Para assegurar essa ampla participação, os organizadores das instituições da Fiocruz se articularam com os diversos coletivos. “Para que a Conferência faça sentido, esses sujeitos precisavam participar da sua construção”, disse Geandro Pinheiro, professor-pesquisador da EPSJV.
Além do critério estabelecido pela organização do evento, de que apenas trabalhadores precarizados e vinculados a movimentos sociais poderiam ser eleitos delegados, coube a esses movimentos a redação de todas as diretrizes e propostas que seriam submetidas à votação ao longo do dia. “Acho que esse é o grande mérito da Conferência: seu caráter disruptivo na forma como foi proposta. Ela rompeu com o campo da institucionalidade e com o protagonismo exclusivo de instituições que tradicionalmente organizam conferências livres, para dar lugar a uma conferência em que o sujeito não fosse mais tratado como objeto”, destacou Geandro.
Além dos trabalhadores informais, como camelôs, ambulantes e plataformizados, como entregadores por aplicativo, também participaram da Conferência trabalhadores formais que atuam em condições precárias. “Eu sou um trabalhador formal, mas também sou precarizado. Mesmo com direitos trabalhistas garantidos em lei, esses direitos não são cumpridos”, relatou Altamiro dos Santos, Agente Comunitário de Endemias e representante do SINTSAÚDERJ. Ele denunciou a precarização da profissão, que não prevê exames de saúde regulares para os trabalhadores que se expõem diariamente a produtos tóxicos.

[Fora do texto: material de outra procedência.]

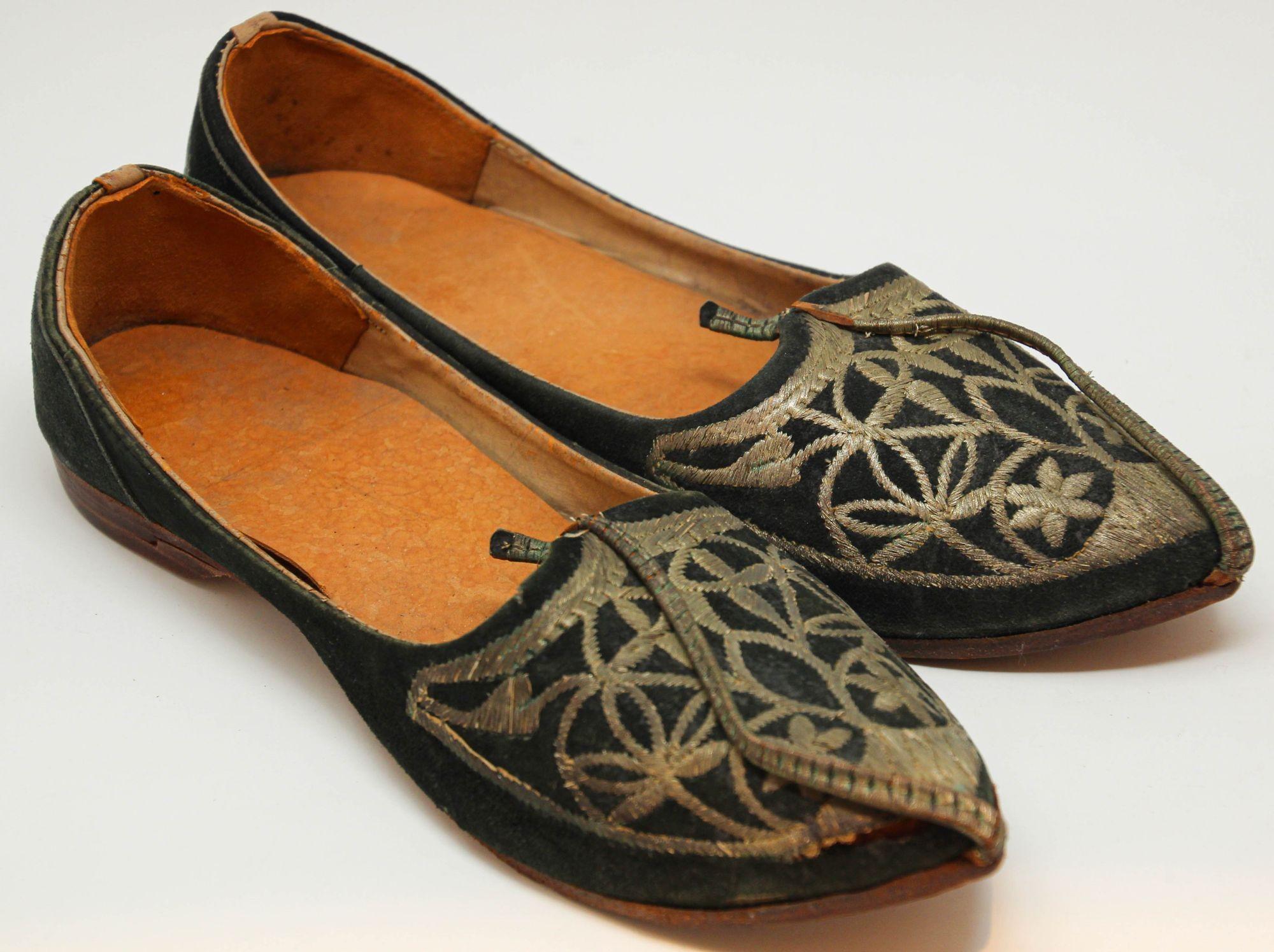 Moorish Mughal Style Curled Toe Black Leather Shoes from Tony Duquette Estate For Sale 6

“São as pessoas do movimento que têm mais visão das coisas”
Para Geandro, permitir que apenas alguns trabalhadores pudessem se candidatar a delegados foi uma forma de desinstitucionalizar a Conferência. “Em muitas conferências, apenas pessoas ligadas à institucionalidade da própria organização acabam se tornando delegadas. Embora isso seja legítimo, ao mesmo tempo, gera uma contradição, porque impede que a conferência seja realmente livre e que algo novo possa emergir — para além da presença dos próprios movimentos”, explicou.
Por isso, um dos objetivos dos organizadores era garantir que a conferência fosse, de fato, livre. “Aqui, tentamos romper com isso. Nenhum dos nossos delegados faz parte da institucionalidade que está organizando esta Conferência”, afirmou Geandro.
Arielle Barreiros, integrante do coletivo Elas por Elas Providência, reforçou a importância dessa escolha. “São as pessoas do movimento que têm mais visão das coisas, são elas que mais convivem, que estão ali no dia a dia e que sentem na pele o que está acontecendo dentro da comunidade”, ressaltou.
Dos seis delegados escolhidos por votação do público ao final do evento, duas fazem parte do coletivo de mulheres ambulantes ao qual Arielle também pertence: Simone Francisco e Carol Alves. Também foram eleitos: Maria do Carmo, do Movimento Unido dos Camelôs (MUCA); Roberto Machado das Neves, da União Moto Bike; Robson José de Souza, do Sindicato dos Trabalhadores das Indústrias de Frios (Sintrafrio); e Thais Aparecida, do Movimento das Comunidades Populares (MCP – Manguinhos).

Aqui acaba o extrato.